Last9 Last9

Nov 8th, ‘22 / 7 min read

SLOs, SLIs, and SLAs: Understanding Key Service Metrics

A guide to set practical Service Level Objectives (SLOs) & Service Level Indicators (SLIs) for your Site Reliability Engineering practices.

SLOs, SLIs, and SLAs: Understanding Key Service Metrics

Businesses often want to balance feature development and service reliability while prioritizing customer happiness. With service level objectives (SLOs), stakeholders can set definite target levels for the reliability of their services.

One of the core duties of an SRE team is making the performance of your services measurable; if you can measure something, you can improve it.

Service level indicators are metrics that indicate the level of performance your users experience with your services. They help approximate the degree of happiness and satisfaction of your users. Service level indicators (SLIs) are vital signals an organization uses to measure how well certain service aspects are meeting its objectives.

This guide will walk you through setting practical service level objectives and service level indicators for your site reliability engineering practices.

Key Terms for Service Level Objectives and Service Level Indicators

You should know some key terms before getting started with service-level objectives and indicators.

Service reliability: Its reliability is the probability that a service, product, or system will adequately do what it is supposed to for a specific period. Your service reliability measures how well your system performs given conditions over time.

Site reliability engineering: Ben Treynor Sloss, credited with spearheading SRE, once said that SRE happens when you ask a software engineer to design an operations team.

It's a set of principles and practices that incorporates aspects of software engineering and applies them to infrastructure and operations problems. The main goals are to create scalable and highly reliable software systems.

Site reliability engineering leverages scripting, automation, and other software development techniques for IT operations to improve the reliability of your software products and the infrastructure that powers them.

Site reliability engineer: Site reliability engineers sit at the intersection of traditional IT/ops and software development. An SRE team would typically be responsible for the reliability of the entire stack of your services, from the front-end client-side applications to the backend, databases, and general infrastructure.

Service level agreement: A service level agreement defines the level of service expected by users. They also include penalties in case of agreement violation.

Why Does Your Organization Need SLOs and SLIs?

Collecting metrics from our applications and infrastructure can be inadequate for getting a clear picture of how users are experiencing your service.
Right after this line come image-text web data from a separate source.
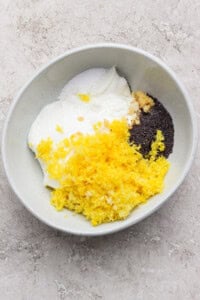 A bowl containing yogurt, lemon zest, poppy seeds, minced garlic, and salt on a light-colored surface.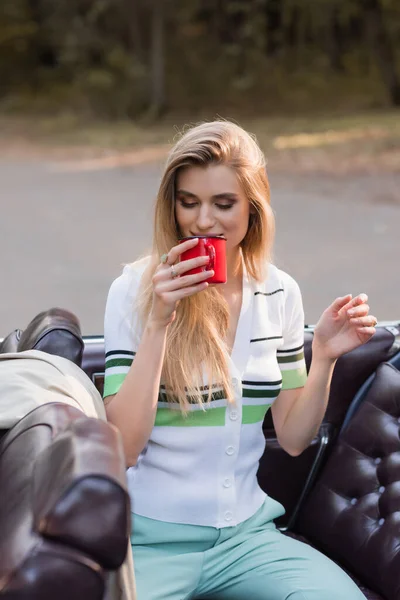 Stylische Frau trinkt Kaffee, während sie im Vintage-Cabriolet auf verschwommenem Vordergrund sitzt — Stockfoto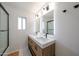 Modern bathroom featuring double vanity, stylish fixtures, and a glass-enclosed shower with white tiled walls at 4202 E Catalina Dr, Phoenix, AZ 85018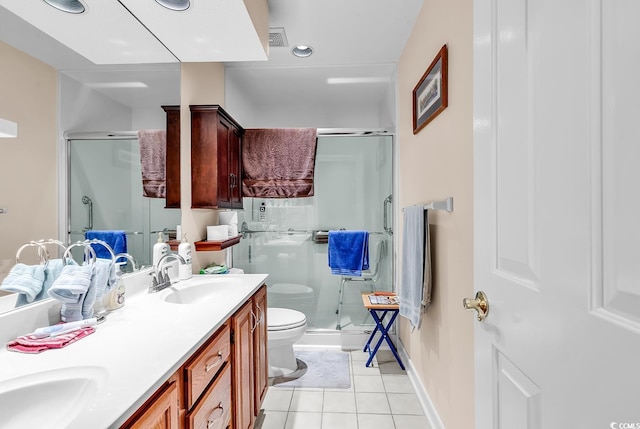 full bathroom with tile patterned floors, toilet, a stall shower, a sink, and double vanity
Service level indicators are quantifiable service performance measures from your users' perspective. SLI metrics correlate with your users' journey when they use your application.

The following are some examples:

- Latency: How long does it take for your service to respond to a request?
- Errors: What percentage of your service responses are errors?
- Traffic: How many requests are your services receiving?
- Availability: What percentage of the time are your services available?

Service level indicators form the basis of service level objectives by providing data that helps you set appropriate reliability targets.

Prioritizing service reliability is one-way organizations ensure user happiness. Measurable and realistic targets can help your organization better manage your services.

As mentioned, businesses often want to balance feature development and service stability; integrating service level objectives into your site reliability practices effectively makes these decisions more data-driven.

Head over to SLI vs SLO to better understand the differences between SLIs vs SLOs

How Can SLOs and SLIs Help Your Organization?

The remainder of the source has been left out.